Inclusive design starts with the simple truth that exclusion is often designed in.
Sometimes through oversight. Sometimes through speed. Sometimes through assumptions about who the audience is.
The work is to interrupt that and ask better questions earlier, challenge who the default audience or user really is, and to design with people, not just for them.
Research from organizations like Microsoft and the Inclusive Design Research Centre consistently shows that solutions built with human differences in mind perform better across the board. They are more resilient, more adaptable, and more effective.
What this looks like in practice
For marketers and creatives, inclusive design is, ideally, not a tactic. It is an ongoing practice and a way of working. Here’s what it can look like:
Start with exclusion, not audience segments
Look for friction. Who might struggle to access, understand, or feel represented in this work?
Design with, not for
Involve people with lived experience early and throughout the process. Not as validation at the end, but as contributors to the work itself.
Move beyond representation
Sure, diversity in imagery matters. But inclusion also lives in language, tone, power, and perspective. Who is speaking? Who is being spoken about?
Build flexibility, not one “perfect” solution
Truth is, there is no single design that works for everyone.

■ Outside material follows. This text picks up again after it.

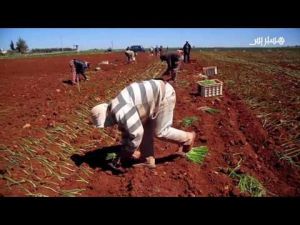 إكراهات وتحديات إمدادات مياه السقي بالحاجب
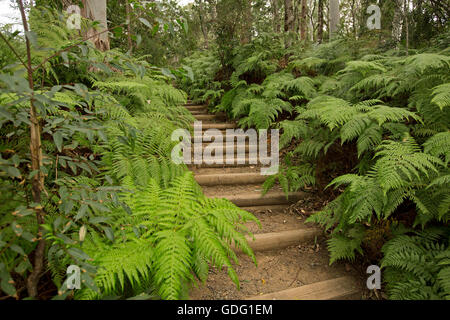 Lange hölzerne Stufen hinauf durch Wald von hohen Bäumen mit Unterholz aus Smaragd Farne im australischen Great Dividing Range Stockfoto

Inclusive design creates multiple ways to engage and participate.
Treat it as a practice
Inclusive design is iterative. It evolves as understanding deepens and contexts change.
Why it matters now
Audiences are paying attention, friends. They know when something feels extractive, performative, or incomplete.
And they know when it doesn’t.
Inclusive design is not about being everything to everyone. It is about being intentional. Making choices that expand access, deepen relevance, and build trust.
Or, more simply:
Creative with a conscience is not softer. It’s actually sharper.
The goal is not just to reach people.
It is to make sure they can actually see themselves in the work.